Yes—a life of good works. There is no good life without good works. When you talk of a man’s life, you mean not only what he feels and thinks, but what he does. What is in his heart goes for nothing, unless he brings it out in his actions, as far as he can.
Therefore St. James says, ‘Thou hast faith, and I have works. Shew me thy faith without thy works,’ (and who can do that?) ‘and I will shew thee my faith by my works.’

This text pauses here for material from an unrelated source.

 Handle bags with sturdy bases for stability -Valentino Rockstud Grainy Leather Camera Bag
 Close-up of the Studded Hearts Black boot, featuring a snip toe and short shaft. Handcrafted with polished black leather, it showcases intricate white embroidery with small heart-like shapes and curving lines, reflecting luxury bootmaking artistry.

And St. John says, there is no use saying you love. ‘Let us love not in word and in tongue, but in deed and in truth;’ and again—and would to God that most people who talk so glibly about heaven and hell, and the ways of getting thither, would recollect this one plain text—‘Little children, let no man deceive you. He that doeth righteousness is righteous, even as God is righteous.’ And therefore it is that St. Paul bids rich men ‘be rich also in noble deeds,’ generous and liberal of their money to all who want, that they may ‘lay hold of that which is really life,’ namely, the eternal life of goodness.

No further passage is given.